Residency bill for undocumented students is revived
Arizona Republic
Apr. 11, 2003 12:00 AM
Gannett News Service Sergio Bustos

WASHINGTON - Thousands of undocumented immigrants headed for college could be eligible to become legal U.S. residents under legislation a bipartisan group of lawmakers introduced Thursday.

Reps. Chris Cannon, R-Utah, and Lucille Roybal-Allard and Howard Berman, both D-Calif., teamed up for the second year in a row to sponsor the Student Adjustment Act in the House. They said a similar version would soon be introduced in the Senate. The legislation failed in Congress last year.

This year, the House lawmakers said their bill has 15 Democratic and 15 Republican co-sponsors.
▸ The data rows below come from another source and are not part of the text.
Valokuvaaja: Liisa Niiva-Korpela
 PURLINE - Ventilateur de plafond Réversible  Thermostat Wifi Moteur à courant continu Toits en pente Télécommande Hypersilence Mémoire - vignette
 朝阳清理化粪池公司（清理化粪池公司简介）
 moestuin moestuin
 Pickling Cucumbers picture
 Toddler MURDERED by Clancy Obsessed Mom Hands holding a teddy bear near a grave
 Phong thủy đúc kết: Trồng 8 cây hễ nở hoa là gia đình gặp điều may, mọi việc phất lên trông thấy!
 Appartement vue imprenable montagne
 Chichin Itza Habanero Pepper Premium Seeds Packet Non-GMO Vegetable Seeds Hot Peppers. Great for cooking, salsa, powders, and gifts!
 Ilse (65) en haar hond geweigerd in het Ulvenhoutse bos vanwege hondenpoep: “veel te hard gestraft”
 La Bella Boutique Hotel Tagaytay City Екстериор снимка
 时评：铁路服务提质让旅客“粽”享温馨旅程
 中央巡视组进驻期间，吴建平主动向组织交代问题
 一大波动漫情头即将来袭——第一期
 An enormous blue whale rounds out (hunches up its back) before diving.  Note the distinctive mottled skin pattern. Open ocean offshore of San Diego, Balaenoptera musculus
Republicans hold a majority in both chambers.

But Mark Krikorian, executive director of the Center for Immigration Studies, predicted the bill would fail again.

"Let's call this what it is: It's amnesty for illegal aliens," said Krikorian, whose organization opposes the measure.

Cecilia Muņoz, vice president of the National Council of La Raza, the nation's largest Hispanic civil rights group, said critics are confusing the issues. "This as an education issue, not an immigration issue," she said.

Thursday's news conference on Capitol Hill was part of a nationwide effort by immigration advocates and lawmakers to drum up support for the legislation, which potentially affects 60,000 students who do not hold green cards. News conferences, rallies and marches are planned this weekend in 30-plus states.

In Arizona, seven state lawmakers, all members of the Hispanic Caucus, held a news conference Thursday to support the federal legislation.

"The economics tell you we have 60,000 people in this country who could contribute better by existing more openly in this country," said State Rep. Ben Miranda, D-Phoenix.

Local supporters said they plan to have 3,000 people march Saturday in Phoenix in support of the bill. The march begins at 9 a.m. at Phoenix College and ends at the Capitol.

Under the bill, undocumented immigrants would be eligible for legal residency if: they are no older than 21 and are actively pursuing admission to college; they have a high school diploma or GED (General Educational Development) certificate; they have lived in the United States at least five years; and they have no criminal record.